The Fairytale of Founding is Rarely a Reality
In a perfect world, startups would succeed or fail based on the quality of their ideas, and social media, especially LinkedIn, loves to sell this fantasy. You see the same story beats play out all the time. A plucky young startup comes out of stealth with disruptive ideas that could change everything, successfully raises money, develops and launches products, and manages to fundraise again well before cash runs out.
Well, unfortunately, such stories are mostly in fairytales. The reality isn’t quite so rosy.
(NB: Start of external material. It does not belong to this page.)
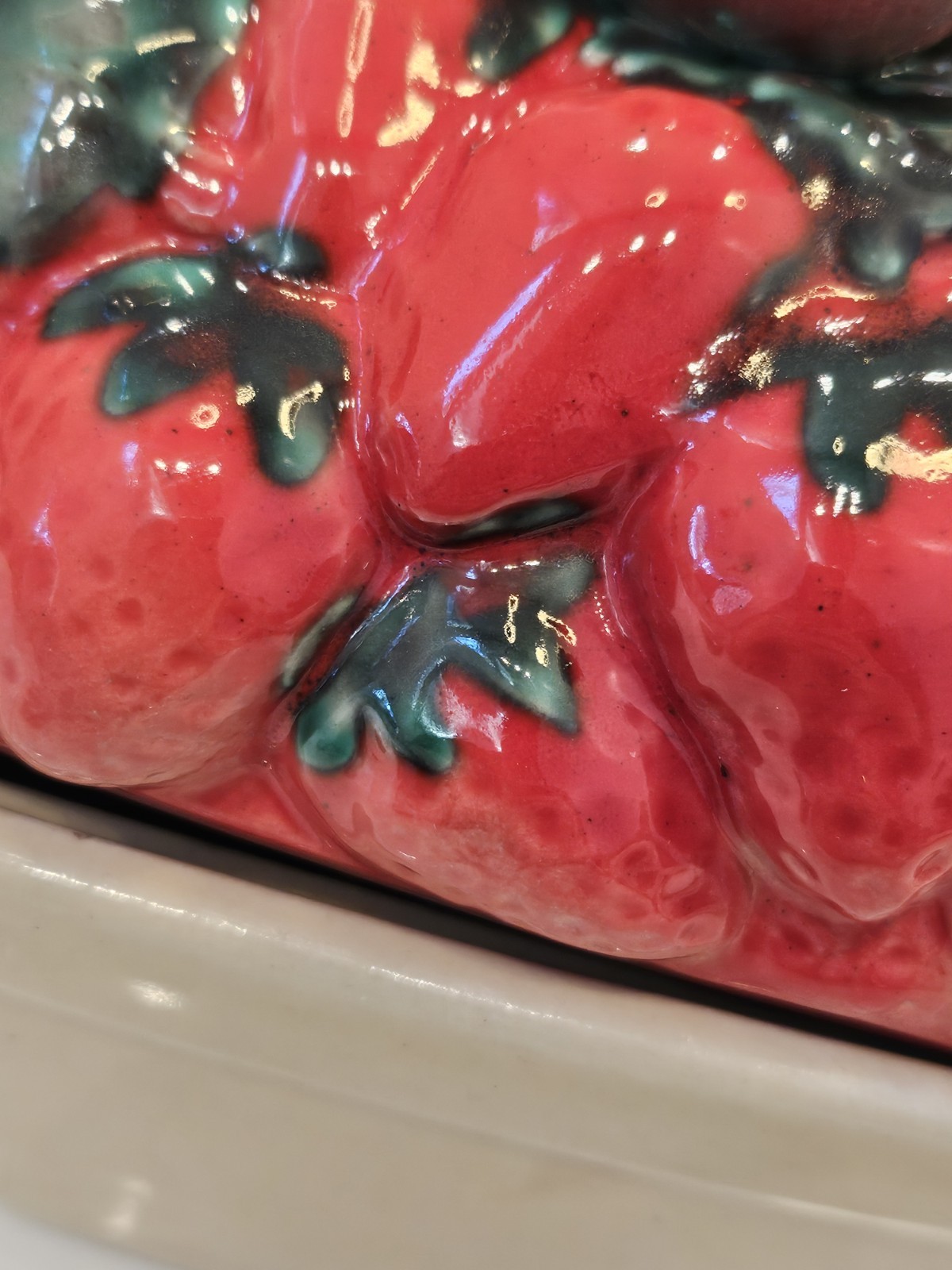 Vintage HOUSE OF WEBSTER 8" 2 Pc Basket of Strawberries Canister Cookie Jar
More often than not, delays and disruptions lead to products failing to come out on time, and in the early stages of your startup journey, that can be deadly. From the beginning, startups are in a race to launch their product and de-risk their ventures before they can start the next round of funding. Investors, unlike the startups, have time and therefore they will always opt for waiting and seeing actual results rather than jumping into the unknown. This means that it is not even enough for you to launch your product, you also need to collect enough data, clock operating hours and show that it really works as expected. All this means that the slightest setback can put you behind so that you run out of cash before you’ve reached a significant milestone.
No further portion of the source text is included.